En outre, une telle démarche implique de contrer la radicalisation par l’inscription de l’Islam de
France dans la République tout en promouvant le rejet de toute forme de racisme et de
l’islamophobie.

Conclusion

Le terrorisme n’est pas seulement un défi pour l’ordre public en France, mais plus
globalement pour l’ensemble de ses valeurs et de sa cohésion nationale. La résilience du socle
républicain est plus que jamais une nécessité pour remporter cette nouvelle forme de guerre que
représente le terrorisme et dont la finalité est la préservation de notre vivre ensemble.

La question des moyens nécessaires pour y parvenir s’avère ainsi particulièrement épineuse.
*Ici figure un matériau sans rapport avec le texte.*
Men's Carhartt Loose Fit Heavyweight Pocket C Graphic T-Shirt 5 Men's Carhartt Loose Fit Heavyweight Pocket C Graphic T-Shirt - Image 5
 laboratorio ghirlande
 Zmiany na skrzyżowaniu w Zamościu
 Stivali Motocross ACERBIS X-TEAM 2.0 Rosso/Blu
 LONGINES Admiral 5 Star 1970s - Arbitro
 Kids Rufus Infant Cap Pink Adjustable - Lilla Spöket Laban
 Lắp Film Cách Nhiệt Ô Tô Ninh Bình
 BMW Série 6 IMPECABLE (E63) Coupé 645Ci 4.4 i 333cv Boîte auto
En effet,
le fonctionnement d’une société démocratique est difficilement compatible avec une logique de
guerre, tant l’ouverture à l’altérité et aux échanges sont les sources de la concorde que définissait
Emmanuel Kant dans son Idée d’une histoire au point de vue cosmopolitique comme l’objectif ultime
de l’organisation sociale. Plus que jamais, face à la menace terroriste, il importe que le renforcement
de la sécurité, s’il peut parfois conduire à une suspension nécessairement temporaire des droits et
libertés fondamentaux, ne doit pas être en contradiction avec ces valeurs qu’il importe de
promouvoir sans relâche, en refusant la pente machiavélienne que nous proposent des auteurs
comme Carl Schmitt. La question du terrorisme et de la réponse appropriée de la société française
doit ainsi devenir affaire de vigilance que tout citoyen a le droit et le devoir de conduire.